Over the last several months, artificial intelligence (AI) enthusiasts have become intrigued by an emerging technology known as quantum computing.

Although quantum applications are not yet operating at scale, industry research suggests the technology could be a game changer. Management consulting firm McKinsey & Company forecasts that quantum computing could add trillions in economic value in the coming decades, signaling this technology could revolutionize the AI megatrend over the long run.

One company that has received quite a bit of attention in the quantum arena is Quantum Computing (QUBT -1.09%). Quite an apropos name, if you ask me.

With shares trading just below $20 as of this writing, is now a good time to scoop up shares of Quantum Computing stock?

What's with all the hype around Quantum Computing stock?

Over the last year, shares of Quantum Computing have risen by 2,480% -- handily outperforming the S&P 500 and Nasdaq Composite.

QUBT Chart

QUBT data by YCharts

With such tantalizing gains, Quantum Computing's business must be on a roll, right? Well, not quite.

Over the last 12 months, Quantum Computing has only generated about $385,000 in revenue. To me, the meteoric rise in Quantum Computing's share price can be attributed to a number of macro-oriented narratives as opposed to anything company-specific.

For example, Nvidia CEO Jensen Huang has spoken favorably about the prospects of quantum computing on multiple occasions. Considering how important Nvidia's technology stack is for the broader AI narrative, investors likely find it encouraging that the visionary CEO appears bullish on the quantum computing opportunity.

On top of that, some economists think an interest rate cut from the Federal Reserve could be on the horizon. Diminishing rates could be viewed positively by investors, and growth stocks such as Quantum Computing would likely be particular beneficiaries of renewed investor enthusiasm.

A person looking at an illustrated thought bubble with a bag of money in it.

Image source: Getty Images.

Assessing Quantum Computing's valuation

Per the chart below, Quantum Computing boasts a price-to-sales (P/S) ratio over 5,200. When you assess Quantum Computing from this perspective, the company's nominal revenue levels really come into focus. How can a company generating only a few hundred thousand dollars in sales achieve a multibillion-dollar market cap?

QUBT PS Ratio Chart

QUBT PS Ratio data by YCharts

In my eyes, Quantum Computing stock is largely trading on a bullish narrative at the intersection of AI and quantum applications. To drive home how silly Quantum Computing's valuation really is, consider the following:

  • Dot-com bubble: During the most euphoric days of internet hype during the late 1990s, companies such as Amazon, Microsoft, and Cisco witnessed peak P/S multiples in the range of 31 to 43.
  • COVID-19 bubble: In more recent history, companies such as Zoom Communications and Peloton Interactive witnessed stratospheric valuations as investors bought into the narrative that these companies would capitalize on remote work trends and the at-home economy. Zoom's P/S peaked at around 124 while Peloton's high was roughly 20.
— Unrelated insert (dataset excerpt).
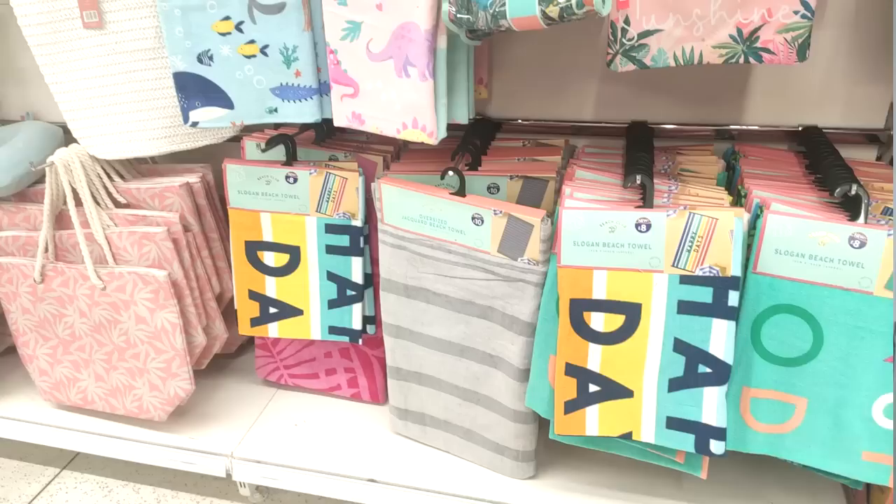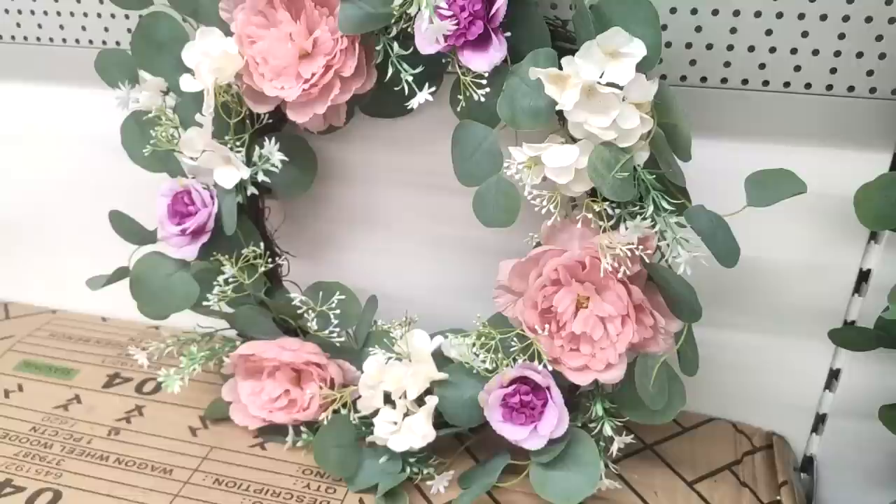Hi guys, welcome back to the channel. I've been shopping at B&M - I've actually done two trips. If you haven't seen my 'come shop with me,' you should check that out after this video. I love the stores at this time of year when they bring in all their summer and garden stuff. I love making the garden all lovely, so I'll get straight on into it and show you the planters I got first, because this is probably what I'm most excited about.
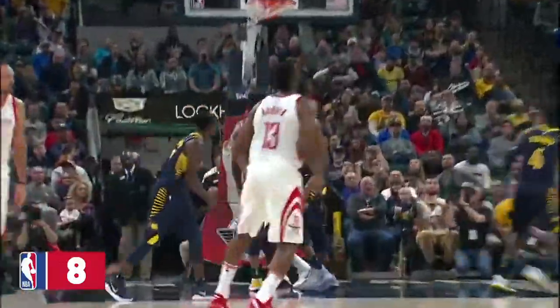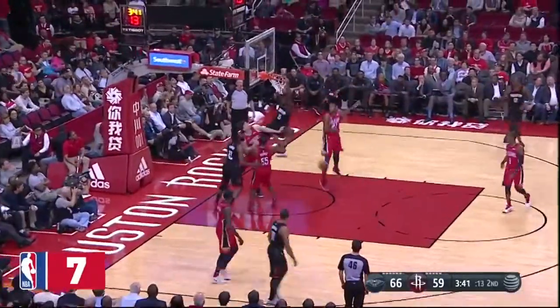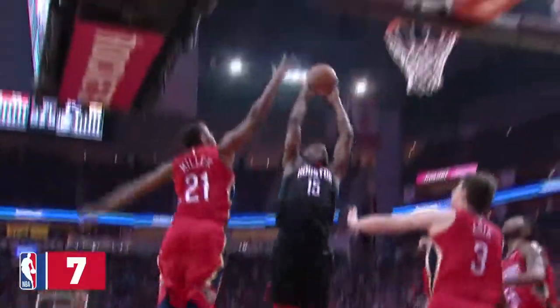That was between his legs. I mean, he has put him on a shoulder. Martin again to Capella. This is the 15th game this season for the Rockets to score 60 or more points in the first half.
Is Quantum Computing stock a buy right now?

According to recent company filings, Quantum Computing recently issued 14,035,089 shares at a purchase price of $14.25 in an effort to raise capital. Considering the company barely generates revenue and is unprofitable, it was only a matter of time before Quantum Computing faced a liquidity crunch.

I see this share issuance as a sign that management understands how stretched the company's valuation has become; therefore, it took strategic advantage of current inflated prices.

While Quantum Computing stock might appear cheap at $18 per share, the valuation analysis explored above underscores that the company is trading well past the point of a bubble. Furthermore, the recent stock issuance could subtly imply that management does not believe the current valuation is sustainable.

To me, Quantum Computing is a highly speculative opportunity that is best avoided for now.